Listed entries Block Start

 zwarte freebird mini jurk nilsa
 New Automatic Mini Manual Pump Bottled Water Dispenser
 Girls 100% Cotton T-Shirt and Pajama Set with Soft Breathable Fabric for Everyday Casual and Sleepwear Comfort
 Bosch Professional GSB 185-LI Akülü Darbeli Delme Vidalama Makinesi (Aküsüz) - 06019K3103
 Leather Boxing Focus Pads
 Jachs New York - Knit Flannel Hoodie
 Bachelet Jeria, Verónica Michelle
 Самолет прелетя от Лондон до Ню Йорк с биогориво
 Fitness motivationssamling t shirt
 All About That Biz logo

Listed entries Block End
Listed entries Block Start

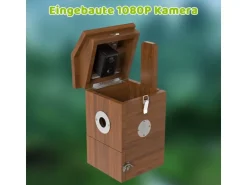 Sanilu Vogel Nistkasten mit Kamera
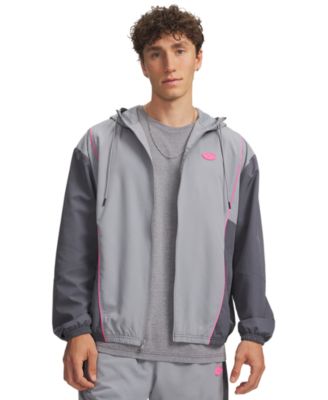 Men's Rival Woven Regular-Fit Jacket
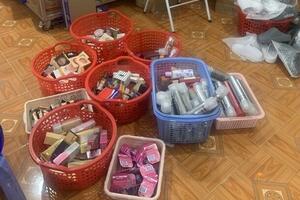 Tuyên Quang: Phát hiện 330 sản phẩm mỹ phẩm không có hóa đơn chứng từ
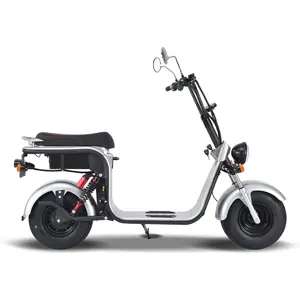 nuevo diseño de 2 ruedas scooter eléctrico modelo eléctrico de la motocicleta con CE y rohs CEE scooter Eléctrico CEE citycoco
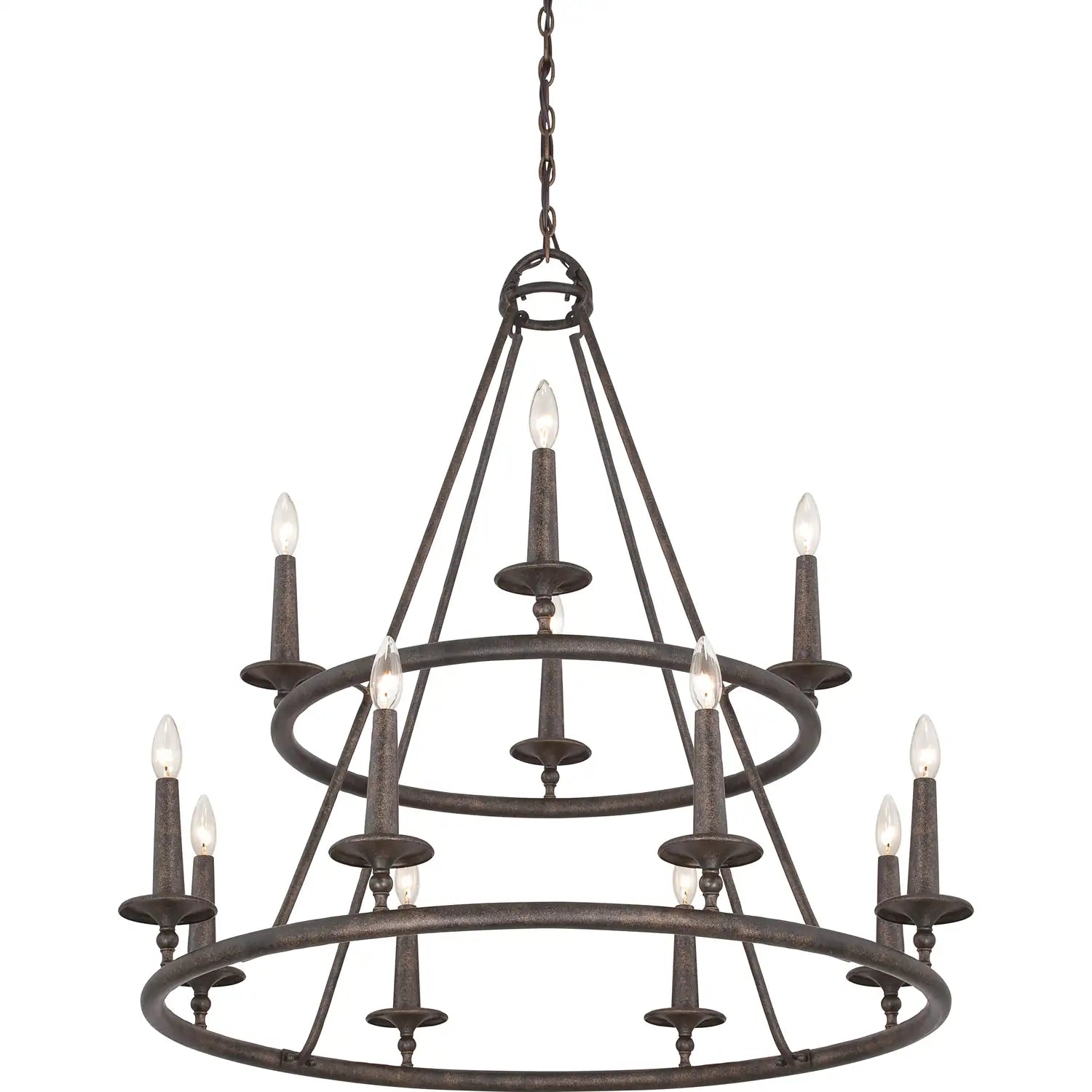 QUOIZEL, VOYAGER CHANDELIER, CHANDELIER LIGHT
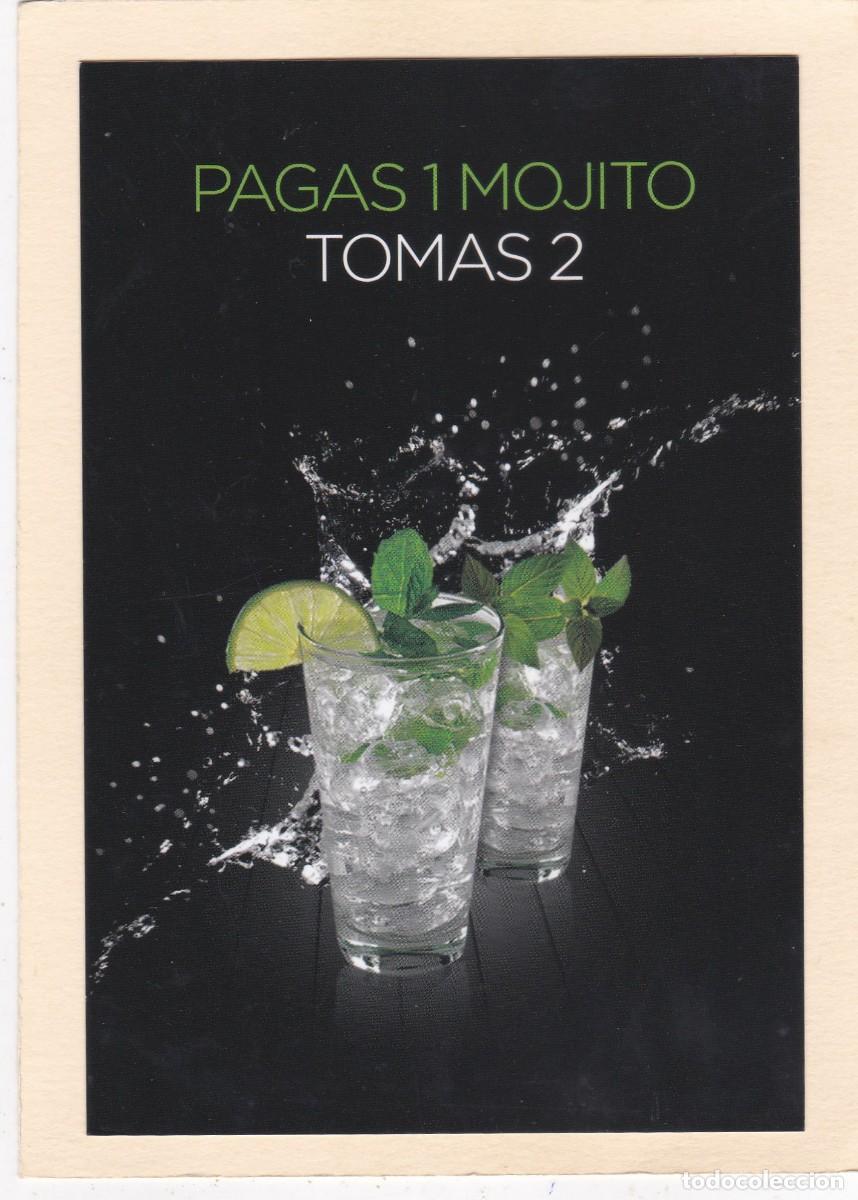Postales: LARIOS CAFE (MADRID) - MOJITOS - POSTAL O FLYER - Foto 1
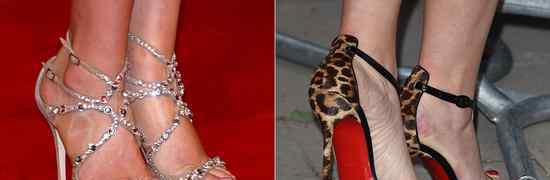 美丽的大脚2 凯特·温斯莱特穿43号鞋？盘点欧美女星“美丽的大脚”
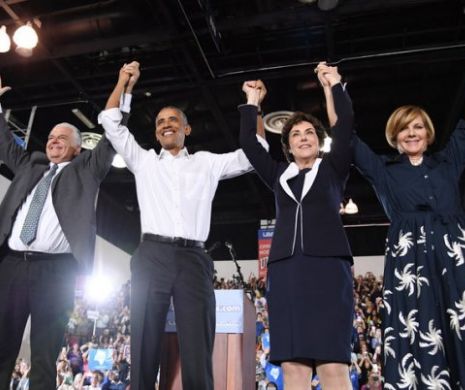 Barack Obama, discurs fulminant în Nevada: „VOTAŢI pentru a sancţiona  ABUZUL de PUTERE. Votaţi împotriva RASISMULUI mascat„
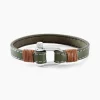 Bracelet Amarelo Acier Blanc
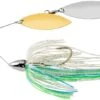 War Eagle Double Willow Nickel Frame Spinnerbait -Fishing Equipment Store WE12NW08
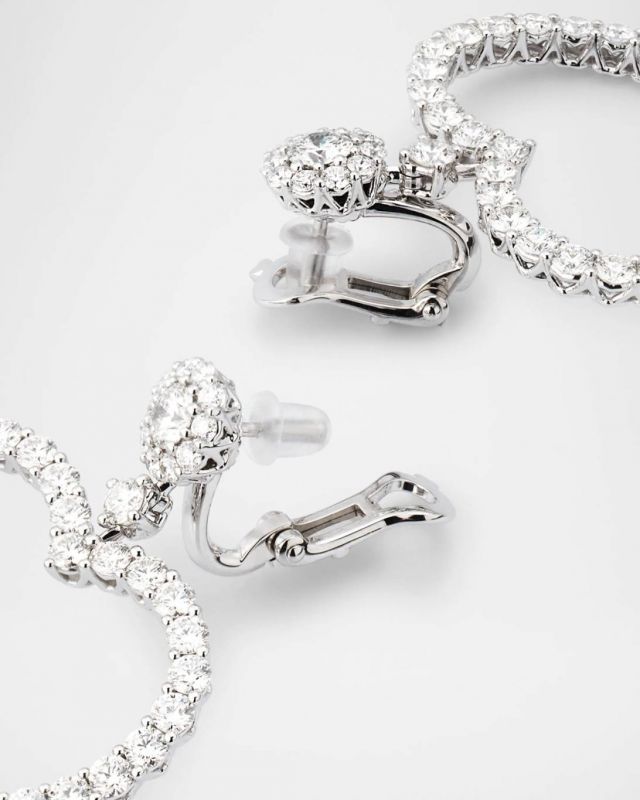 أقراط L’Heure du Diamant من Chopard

Listed entries Block End

What this task involves ▸ Only the lines above from the one with "Sanilu Vogel Nistkasten mit Kamera" to the one with "أقراط L’Heure du Diamant من Chopard" should be printed, both included and exactly as written; no picture belongs in the copy.

Answer to the problem ▸
 Sanilu Vogel Nistkasten mit Kamera
 Men's Rival Woven Regular-Fit Jacket
 Tuyên Quang: Phát hiện 330 sản phẩm mỹ phẩm không có hóa đơn chứng từ
 nuevo diseño de 2 ruedas scooter eléctrico modelo eléctrico de la motocicleta con CE y rohs CEE scooter Eléctrico CEE citycoco
 QUOIZEL, VOYAGER CHANDELIER, CHANDELIER LIGHT
Postales: LARIOS CAFE (MADRID) - MOJITOS - POSTAL O FLYER - Foto 1
 美丽的大脚2 凯特·温斯莱特穿43号鞋？盘点欧美女星“美丽的大脚”
 Barack Obama, discurs fulminant în Nevada: „VOTAŢI pentru a sancţiona  ABUZUL de PUTERE. Votaţi împotriva RASISMULUI mascat„
 Bracelet Amarelo Acier Blanc
 War Eagle Double Willow Nickel Frame Spinnerbait -Fishing Equipment Store WE12NW08
 أقراط L’Heure du Diamant من Chopard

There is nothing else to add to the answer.